Nie utożsamiam metod naukowych z tym co robi sie na uniwersytetach w Polsce ponieważ gdzie > indziej podchodzi sie do badań inaczej... Oczywiście tez nie wszedzie...
To właśnie osłabienie stanowiska. Też nie utożsamiam. Podzielam Twoje stanowisko. Formalno - biurokratyczna ścieżka "rozwoju naukowego" na polskich uczelniach często nie ma nic wspólnego z uprawianiem nauki, jest raczej pewnym zjawiskiem społecznym o charakterze klanowym. Pisanie książek i podręczników w oparciu o streszczenia tego, co się samemu przeczytało i w najlepszym razie przyczynkarstwo to trochę za mało, by zasługiwało na miano nauki.
W obszarze miękkim jest kilka koncepcji, które mają solidne podstawy a jednoczesnie sa na tyle poręczne, że daja sie wykorzystać w biznesie...
To tylko w dalszym ciągu konstrukty intelektualne, choć czasami naprawde ciekawe i inspirujące. Spotkałeś kiedyś koncepcję czy model w rzeczywistości? Zdarzenia jednostkowe nie mieszcza się moim zdaniem w żadnej i w żadnym. Przydają się i owszem, jako źródło hipotez. Jako wskazówki. Jako inspiracje. Czasami jako fragmentaryczne wyjaśnienia. Przyznaję, dobre i to. Wciąż pozostaje dużo do zrobienia.
A z drugiej strony różnorodność czynników wpływających na ludzi i organizacje jest tak złożona, że jest miejsce na eksperyment, domysły czy intuicję
Właśnie, zróżnicowanie i różnorodność, i miejsce na wielość metod - liczy się efektywność albo skuteczność działania. Mieć jakieś wyjaśnienie czy uzasadnienie to już obniża niepewność, dlatego tak wielu ludzi (w tym i menedżerów?) chodzi do wróżek? Wciąż możemy zapomnieć o technokracji czy cybernetyce ekonomicznej.
co wcale nie przekreśla trenera - jesli tylko wyraźnie oddziela wiedze od przekonania.
A co jest wiedzą czy przekonaniem?
Kiedy Kopernik lub Darwin sformułowali swoje ostrożne tezy (sugestie? aluzje?) to już była wiedza, czy tylko ich osobiste przekonania? Model Kopernika oczywiście jest bardziej „naukowy” w sensie policzalności i geometryczności wyobrażeń, ale wszak dalej jest modelem, czyli poznawczym uproszczeniem, nie uwzględnia bowiem konsekwencji ruchu wielu ciał w polu grawitacyjnym, a więc między innymi tego, że wraz z całym rozciągającym się podobno na jakieś dwa lata świetlne Układem Słonecznym pędzimy gdzieś w kierunku umownego gwiazdozbioru Herkulesa, obracamy się wokół jądra Galaktyki i jeszcze pędzimy w kierunku innej galaktyki czyli Mgławicy Andromedy, a pewnie jeszcze wraz z lokalną grupą galaktyk krążymy wokół jakiegoś środka gromady galaktyk i kto wie jak daleko to sięga?
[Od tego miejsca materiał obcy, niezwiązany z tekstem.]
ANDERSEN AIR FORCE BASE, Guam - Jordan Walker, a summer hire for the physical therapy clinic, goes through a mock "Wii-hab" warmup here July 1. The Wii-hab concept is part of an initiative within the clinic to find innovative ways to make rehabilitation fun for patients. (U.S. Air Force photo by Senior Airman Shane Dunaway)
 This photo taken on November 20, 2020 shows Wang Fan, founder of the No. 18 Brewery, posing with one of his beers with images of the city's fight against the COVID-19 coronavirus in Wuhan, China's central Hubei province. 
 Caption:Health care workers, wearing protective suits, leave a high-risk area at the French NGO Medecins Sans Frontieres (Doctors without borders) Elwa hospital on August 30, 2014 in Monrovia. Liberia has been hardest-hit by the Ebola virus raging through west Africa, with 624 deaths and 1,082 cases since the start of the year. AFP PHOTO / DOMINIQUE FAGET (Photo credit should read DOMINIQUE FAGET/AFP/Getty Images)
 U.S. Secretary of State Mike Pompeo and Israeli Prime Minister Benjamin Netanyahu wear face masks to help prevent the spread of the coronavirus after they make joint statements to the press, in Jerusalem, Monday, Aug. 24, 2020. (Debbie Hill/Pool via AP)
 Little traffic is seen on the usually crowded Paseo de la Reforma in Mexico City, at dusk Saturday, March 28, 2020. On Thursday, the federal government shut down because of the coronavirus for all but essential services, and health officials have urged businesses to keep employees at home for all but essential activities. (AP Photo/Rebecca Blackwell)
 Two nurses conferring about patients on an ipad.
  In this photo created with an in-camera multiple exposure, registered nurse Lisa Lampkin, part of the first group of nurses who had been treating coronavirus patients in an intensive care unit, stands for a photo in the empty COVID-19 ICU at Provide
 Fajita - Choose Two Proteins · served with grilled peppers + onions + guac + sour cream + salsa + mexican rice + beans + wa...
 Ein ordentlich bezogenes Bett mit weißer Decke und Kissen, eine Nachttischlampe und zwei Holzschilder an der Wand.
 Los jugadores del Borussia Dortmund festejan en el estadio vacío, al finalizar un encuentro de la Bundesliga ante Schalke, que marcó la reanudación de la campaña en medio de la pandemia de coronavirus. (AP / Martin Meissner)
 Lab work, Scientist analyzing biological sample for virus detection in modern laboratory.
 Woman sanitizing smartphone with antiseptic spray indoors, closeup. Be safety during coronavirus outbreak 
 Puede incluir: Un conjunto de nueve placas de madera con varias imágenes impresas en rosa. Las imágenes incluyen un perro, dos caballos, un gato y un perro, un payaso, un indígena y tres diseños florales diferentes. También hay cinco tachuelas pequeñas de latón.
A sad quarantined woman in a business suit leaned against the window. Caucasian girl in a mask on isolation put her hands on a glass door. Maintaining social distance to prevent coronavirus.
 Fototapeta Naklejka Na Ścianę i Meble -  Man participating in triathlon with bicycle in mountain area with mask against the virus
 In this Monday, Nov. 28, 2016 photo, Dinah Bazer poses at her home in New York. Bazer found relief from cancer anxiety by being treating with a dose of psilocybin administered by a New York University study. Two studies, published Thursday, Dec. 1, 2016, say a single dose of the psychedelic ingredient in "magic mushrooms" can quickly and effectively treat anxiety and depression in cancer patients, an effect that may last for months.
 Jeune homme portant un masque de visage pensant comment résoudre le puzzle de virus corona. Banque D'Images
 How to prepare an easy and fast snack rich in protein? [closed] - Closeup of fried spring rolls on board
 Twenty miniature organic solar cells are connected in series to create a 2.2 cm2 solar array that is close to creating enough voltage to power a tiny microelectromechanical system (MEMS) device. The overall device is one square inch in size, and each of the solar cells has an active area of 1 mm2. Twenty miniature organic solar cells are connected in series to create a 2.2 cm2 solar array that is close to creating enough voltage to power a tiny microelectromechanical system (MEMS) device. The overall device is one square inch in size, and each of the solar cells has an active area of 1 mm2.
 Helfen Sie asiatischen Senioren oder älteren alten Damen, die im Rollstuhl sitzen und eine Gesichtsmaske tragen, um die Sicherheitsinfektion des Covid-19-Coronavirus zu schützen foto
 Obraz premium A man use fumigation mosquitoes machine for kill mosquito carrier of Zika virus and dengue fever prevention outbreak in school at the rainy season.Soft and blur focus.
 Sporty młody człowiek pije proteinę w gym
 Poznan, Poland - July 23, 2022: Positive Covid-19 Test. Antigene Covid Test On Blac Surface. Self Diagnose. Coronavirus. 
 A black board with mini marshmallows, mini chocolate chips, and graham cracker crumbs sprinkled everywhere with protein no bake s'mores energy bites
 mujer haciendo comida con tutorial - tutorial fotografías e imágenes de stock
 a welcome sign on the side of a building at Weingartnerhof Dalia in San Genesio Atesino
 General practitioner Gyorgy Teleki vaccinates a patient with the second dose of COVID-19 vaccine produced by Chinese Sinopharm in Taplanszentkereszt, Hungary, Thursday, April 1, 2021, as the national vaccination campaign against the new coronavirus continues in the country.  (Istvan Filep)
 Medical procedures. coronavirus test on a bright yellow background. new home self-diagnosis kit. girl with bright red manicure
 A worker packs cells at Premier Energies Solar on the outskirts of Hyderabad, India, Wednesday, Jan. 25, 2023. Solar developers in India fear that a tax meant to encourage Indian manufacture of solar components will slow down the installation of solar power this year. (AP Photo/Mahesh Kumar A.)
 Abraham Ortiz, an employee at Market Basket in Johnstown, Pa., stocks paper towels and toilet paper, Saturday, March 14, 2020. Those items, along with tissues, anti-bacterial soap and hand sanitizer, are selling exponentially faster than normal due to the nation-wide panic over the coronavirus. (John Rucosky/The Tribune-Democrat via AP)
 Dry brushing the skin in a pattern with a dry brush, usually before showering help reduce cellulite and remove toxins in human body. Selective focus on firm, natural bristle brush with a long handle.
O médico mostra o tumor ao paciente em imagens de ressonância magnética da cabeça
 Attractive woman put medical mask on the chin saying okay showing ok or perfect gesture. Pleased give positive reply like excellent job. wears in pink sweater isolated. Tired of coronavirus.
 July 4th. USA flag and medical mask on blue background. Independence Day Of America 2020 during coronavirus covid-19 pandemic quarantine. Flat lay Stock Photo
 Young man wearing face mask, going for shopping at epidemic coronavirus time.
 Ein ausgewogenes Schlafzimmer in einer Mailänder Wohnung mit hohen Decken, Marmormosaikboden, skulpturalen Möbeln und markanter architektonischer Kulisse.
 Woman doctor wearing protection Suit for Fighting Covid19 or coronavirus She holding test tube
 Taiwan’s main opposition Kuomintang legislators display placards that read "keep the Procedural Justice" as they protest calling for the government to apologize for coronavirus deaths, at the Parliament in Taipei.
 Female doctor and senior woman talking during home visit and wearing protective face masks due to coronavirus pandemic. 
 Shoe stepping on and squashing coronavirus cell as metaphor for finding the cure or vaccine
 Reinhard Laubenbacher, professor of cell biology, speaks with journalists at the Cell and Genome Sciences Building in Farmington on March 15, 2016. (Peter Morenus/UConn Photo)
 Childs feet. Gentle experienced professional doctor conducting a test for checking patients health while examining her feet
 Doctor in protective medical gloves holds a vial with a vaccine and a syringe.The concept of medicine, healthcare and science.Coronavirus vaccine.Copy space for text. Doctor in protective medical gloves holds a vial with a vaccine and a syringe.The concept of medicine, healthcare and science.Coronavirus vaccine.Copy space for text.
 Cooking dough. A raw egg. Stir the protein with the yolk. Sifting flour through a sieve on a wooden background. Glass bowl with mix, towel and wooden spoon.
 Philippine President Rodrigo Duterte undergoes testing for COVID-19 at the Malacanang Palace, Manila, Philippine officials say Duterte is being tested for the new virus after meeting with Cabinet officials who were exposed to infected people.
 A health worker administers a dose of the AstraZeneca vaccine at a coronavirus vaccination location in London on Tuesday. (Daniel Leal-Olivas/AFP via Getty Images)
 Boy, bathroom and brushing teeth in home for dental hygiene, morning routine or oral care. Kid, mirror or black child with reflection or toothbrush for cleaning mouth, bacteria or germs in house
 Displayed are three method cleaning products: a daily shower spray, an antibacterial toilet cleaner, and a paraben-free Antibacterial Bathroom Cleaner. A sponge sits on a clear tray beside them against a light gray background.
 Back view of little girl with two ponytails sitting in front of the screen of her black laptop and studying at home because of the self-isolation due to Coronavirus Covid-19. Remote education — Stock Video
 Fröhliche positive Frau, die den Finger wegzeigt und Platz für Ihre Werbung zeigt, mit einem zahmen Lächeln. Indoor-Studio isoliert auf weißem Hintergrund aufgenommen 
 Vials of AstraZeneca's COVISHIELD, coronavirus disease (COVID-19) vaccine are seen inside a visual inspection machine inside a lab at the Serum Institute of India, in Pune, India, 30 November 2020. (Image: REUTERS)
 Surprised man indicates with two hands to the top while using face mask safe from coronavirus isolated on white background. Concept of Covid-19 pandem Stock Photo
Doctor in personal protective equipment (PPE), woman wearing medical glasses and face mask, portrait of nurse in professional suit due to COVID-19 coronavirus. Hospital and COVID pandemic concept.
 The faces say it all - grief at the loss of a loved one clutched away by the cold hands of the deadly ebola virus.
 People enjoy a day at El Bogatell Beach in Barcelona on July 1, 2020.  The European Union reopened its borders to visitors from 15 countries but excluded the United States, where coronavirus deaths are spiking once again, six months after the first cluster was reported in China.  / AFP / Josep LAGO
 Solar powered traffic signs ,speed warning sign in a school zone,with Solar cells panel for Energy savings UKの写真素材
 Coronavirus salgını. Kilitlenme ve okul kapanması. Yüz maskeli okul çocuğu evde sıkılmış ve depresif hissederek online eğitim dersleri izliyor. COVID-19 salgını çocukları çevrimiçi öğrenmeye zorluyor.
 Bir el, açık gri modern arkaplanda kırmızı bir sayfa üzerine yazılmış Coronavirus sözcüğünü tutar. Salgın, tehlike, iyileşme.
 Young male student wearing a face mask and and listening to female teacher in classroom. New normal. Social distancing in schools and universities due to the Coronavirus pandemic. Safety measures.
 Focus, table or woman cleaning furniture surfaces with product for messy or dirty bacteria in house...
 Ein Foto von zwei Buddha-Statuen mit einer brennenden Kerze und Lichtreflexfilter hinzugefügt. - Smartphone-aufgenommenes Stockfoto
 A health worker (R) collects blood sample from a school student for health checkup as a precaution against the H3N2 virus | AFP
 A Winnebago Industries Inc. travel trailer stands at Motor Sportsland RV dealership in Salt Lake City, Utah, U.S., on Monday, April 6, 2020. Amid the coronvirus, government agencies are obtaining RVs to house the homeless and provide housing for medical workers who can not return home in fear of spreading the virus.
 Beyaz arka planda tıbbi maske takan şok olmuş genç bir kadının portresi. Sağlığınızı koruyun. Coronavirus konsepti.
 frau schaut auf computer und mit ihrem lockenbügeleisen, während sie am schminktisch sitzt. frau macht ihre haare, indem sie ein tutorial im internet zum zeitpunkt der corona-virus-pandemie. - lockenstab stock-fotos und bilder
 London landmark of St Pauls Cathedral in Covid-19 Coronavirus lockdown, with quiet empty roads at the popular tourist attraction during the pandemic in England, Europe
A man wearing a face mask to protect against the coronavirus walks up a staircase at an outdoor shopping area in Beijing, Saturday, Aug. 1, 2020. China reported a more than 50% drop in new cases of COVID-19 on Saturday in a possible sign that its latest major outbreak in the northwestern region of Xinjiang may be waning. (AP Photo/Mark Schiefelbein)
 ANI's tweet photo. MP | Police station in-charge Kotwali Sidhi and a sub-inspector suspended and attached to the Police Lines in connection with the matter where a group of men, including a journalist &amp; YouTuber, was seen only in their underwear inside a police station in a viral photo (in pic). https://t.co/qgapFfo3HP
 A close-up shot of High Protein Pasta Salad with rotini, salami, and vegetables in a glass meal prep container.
Ostatecznie okazuje się, że Ziemia wcale nie krąży wokół Słońca. Oczywiście może być błędnym wniosek, że w takim razie krąży wokół czegoś innego. Błędne jest jak sądzę założenie, że w ogóle krąży (wokół czegoś). Z Darwinem jest jeszcze inaczej.
Oczywiście cieniem na naszej dyskusji kładzie się ukryte założenie, że (wszyscy) trenerzy są felerni i źle główkują. Być może wynika ono z jeszcze szerszego, mianowicie że doświadczenie i wiedza jednostkowe, w jakimś sensie potoczne, są nic nie warte, bo o wiele mniej niż potwierdzana przez kolegów wiedza "naukowa". Drugie założenie dotyczy tzw. błędów poznawczych, ale moim zdaniem z "faktu" istnienia czy zachodzenia czegoś takiego, co nazywamy błędami poznawczymi wcale nie wynika (wnioskowanie!), że wszyscy je wszystkie nagminnie popełniamy, w związku z tym wszelkie swoje doświadczenia indywidualne możemy sobie w buty włożyć.
Tu bardzo by się przydała próba popperowskiej falsyfikacji tezy wyjściowej, zamiast usilnego dążenia do jej weryfikacji.